1

Here is a small data frame that contains a very small slice of data that I need to encode. DataFrame to Encode

My current effort in doing this is using SciKit-Learns LabelEncoder(),

le = preprocessing.LabelEncoder()
le.fit(["local", "animals", "local", "diet", "food", "health", "local", "police brutality", "police", "kids", "dogs"])
list(le.classes_)

(output) 
['animals',
 'diet',
 'dogs',
 'food',
 'health',
 'kids',
 'local',
 'police',
 'police brutality']

I have now added all my desired targets to the encoder, so now I need to start encoding. The problem is the LabelEncoder takes arguments like this.

le.transform(["local"]) #For the first row in the data frame
(output) array([6])

Now thats the correct encoding for the first row, but how would I do this for every other row? I don't think writing it by hand is very doable as my actual data set is about 6000 samples.

I'm also not sure if the targets should be comma separated or not, I can always change that, but my end goal is to get a new data frame with encoded labels instead of the categorial labels.

Also, since the encoder returns a single array, if I were to do the same things for every row, each with a different amount of labels (i.e (dogs, animals) instead of (local)), I would need to append every array to make a matrix, but that is also something I have no clue how I should do. Thanks so much for the help!

3 Answers3

1

I think you'd want MultiLabelBinarizer. For sklearn multilabel models anyway, the expected format is the boolean array rather than an array of lists of integers.

Ben Reiniger
  • 10,517
  • 3
  • 16
  • 29
0

I've had this issue recently too, here's a function that does the job:

from sklearn.preprocessing import LabelEncoder
from sklearn.pipeline import Pipeline

class MultiColumnLabelEncoder:
    def __init__(self,columns = None):
        self.columns = columns # array of column names to encode

    def fit(self,X,y=None):
        return self # not relevant here

    def transform(self,X):
        '''
        Transforms columns of X specified in self.columns using
        LabelEncoder(). If no columns specified, transforms all
        columns in X.
        '''
        output = X.copy()
        if self.columns is not None:
            for col in self.columns:
                output[col] = LabelEncoder().fit_transform(output[col])
        else:
            for colname,col in output.iteritems():
                output[colname] = LabelEncoder().fit_transform(col)
        return output

    def fit_transform(self,X,y=None):
        return self.fit(X,y).transform(X)

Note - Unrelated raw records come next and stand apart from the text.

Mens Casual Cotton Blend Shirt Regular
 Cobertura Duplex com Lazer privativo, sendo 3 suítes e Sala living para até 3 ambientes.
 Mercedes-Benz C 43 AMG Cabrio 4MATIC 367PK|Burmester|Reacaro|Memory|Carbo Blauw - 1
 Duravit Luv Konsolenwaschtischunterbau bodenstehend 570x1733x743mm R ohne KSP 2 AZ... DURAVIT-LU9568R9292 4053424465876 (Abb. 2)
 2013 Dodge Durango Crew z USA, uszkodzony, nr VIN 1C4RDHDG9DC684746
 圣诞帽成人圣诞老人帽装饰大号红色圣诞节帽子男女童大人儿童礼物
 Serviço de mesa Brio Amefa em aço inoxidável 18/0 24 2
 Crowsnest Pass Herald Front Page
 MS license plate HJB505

And here's how you'd use it on your example

    dataset = MultiColumnLabelEncoder(columns = ["local", "animals", "local", "diet", "food", "health", "local", "police brutality", "police", "kids", "dogs"]).fit_transform(dataset)
desertnaut
  • 57,590
  • 26
  • 140
  • 166
  • Is this significantly different from using `OrdinalEncoder`? – Ben Reiniger Aug 05 '20 at 21:31
  • Thanks for the help! Unfortunately, I tried it and it gave me a KeyError: 'local'. My data frame has only one column called 'tags', with local being one of those tags. Could that be the problem? Even if I define the columns = ['tags'], it returns a new data frame with one number per row, not what I want. – Alborz Gharabaghi Aug 06 '20 at 00:05
0

try this

from sklearn.preprocessing import MultiLabelBinarizer


mlb = MultiLabelBinarizer()

mlb.fit([["local", "animals", "local", "diet", "food", "health", "local", "police brutality", "police", "kids", "dogs"]])
Suraj Rao
  • 29,388
  • 11
  • 94
  • 103
elyte5star
  • 167
  • 5